Election editorial misses the mark

As a candidate who ran in the student elections last year, I completely disagree with several assertions made in The Hatchet’s Thursday staff editorial JEC Repeat.

I cannot believe that anyone would think that the election process was better last year than this. Many people I ran into on the street during the two days of palmcarding noted that the elections this year were less personal and there was very little negative campaigning. I think the current Student Association Elections Committee, and the Marvin Center Governing Board/Program Board of Elections are to be commended for this.

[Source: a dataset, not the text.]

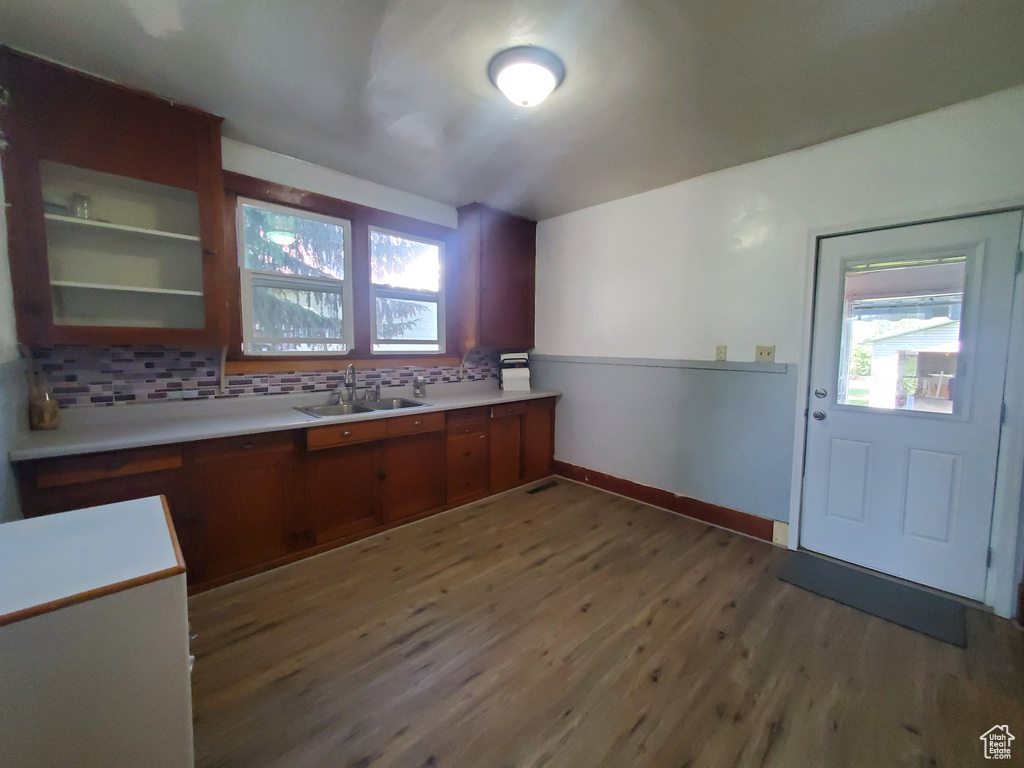 309 S 9TH ST Montpelier, ID 83254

Many people do not realize that the Elections Committees are composed of volunteers. They do not get paid or otherwise compensated for their services. They are willing to do a thankless job that requires a lot of hard work for free. Instead of being lampooned for circumstances out of their control (i.e. the voting machine debacle), they should be praised for handling a stressful situation in an intelligent and professional way. Without the Elections Committees, the elections simply wouldn’t exist.

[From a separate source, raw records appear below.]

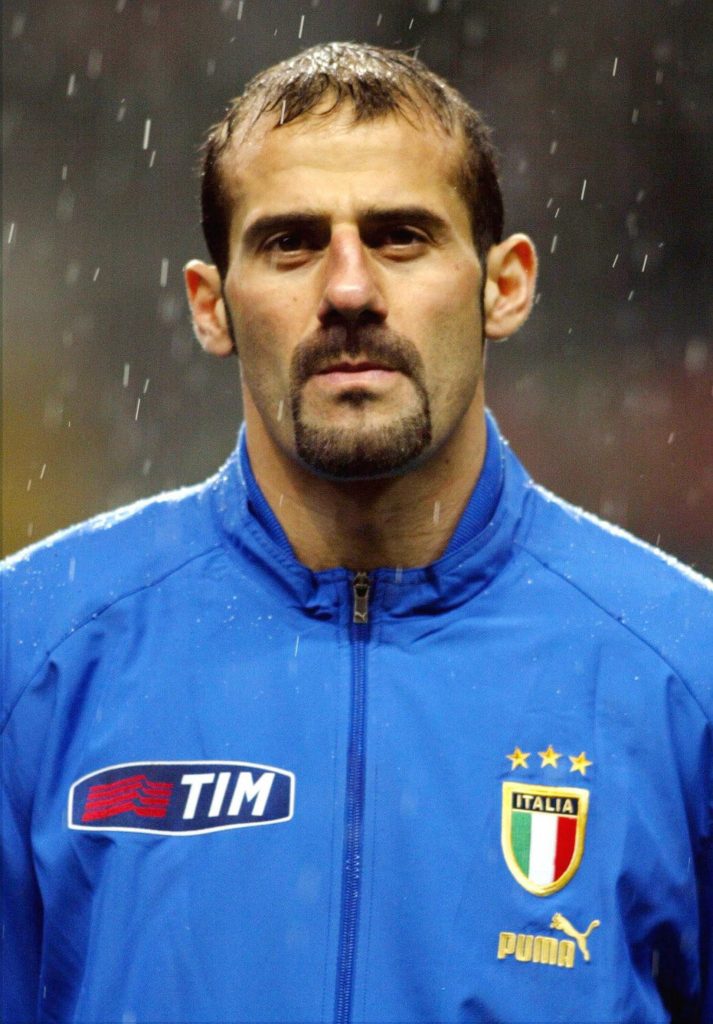 Giuseppe Pancaro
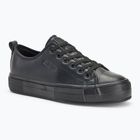 Trampki damskie BIG STAR NN274859 czarny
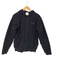 コロンビアスポーツウェア Columbia Sportswear ロマビスタ フーディ ジャケット メンズ import:M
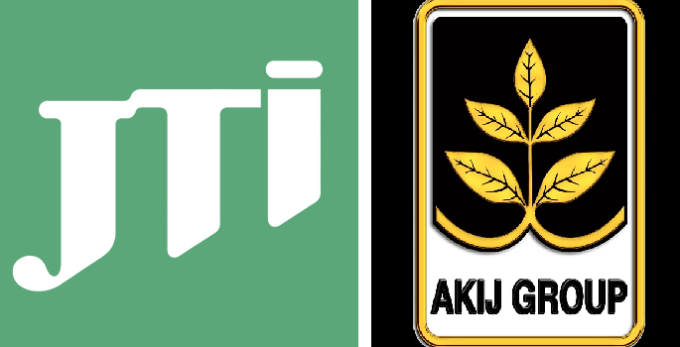 Japan Tobacco Enters The Bangladeshi Market With A Blockbuster Billion-Dollar Deal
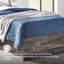 Lit standard bas Drystan-572672199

There was also some false information that was relied on for the editorial that I would like to clarify. Phone lines were only down on the first day of voting in three out of the eight polling locations. Before counting them, the committees checked the voting logs against a list of all registered students. If there was any discrepancy, ballots were invalidated. I think the possibility of a student being able to vote multiple times with the new system is extremely unlikely, if not impossible. Several people actually tried to vote twice and were turned away, as were several people who were not considered by the University registrar to be registered students at the time of election. Students’ schools were checked, as anyone who voted would be able to tell you. The first thing a poll watcher had to say when they called in was what school the person was registered in, and if their name did not appear on that school’s list, they could not vote.

As far as having numbered ballots, I think this was one of the best things the committee could have decided on. I do not believe that this system denies students the opportunity to vote by secret ballot, since after verifying that people were students, these poll books were secured and not to be looked at by the committees again. If the committee had decided not to number the paper ballots, we could have had the disastrous situation of last year’s elections where ballots were lost and found again, only to change the results of the election, and to leave doubt in candidates’ minds as to the validity of those results. With the new open counting process it is, in my opinion, near impossible for members of the committee or any member of the public to fraudulently affect the ballots.

While I agree with the editorial that the election process this year may have been a hassle, I do not see how one can say that it kept voter turnout low. As reported in the online edition of The Hatchet, more than 2,500 people voted in this year’s presidential race. This is a huge increase over the 2,200 who voted last year.

Once again, I would commend both committees on a job so far well done and thank them for volunteering to take on such a thankless position. Without the committee and its hard work, the elections could have been truly more disastrous than last year.

-The writer, a senior majoring in international affairs, is SA president.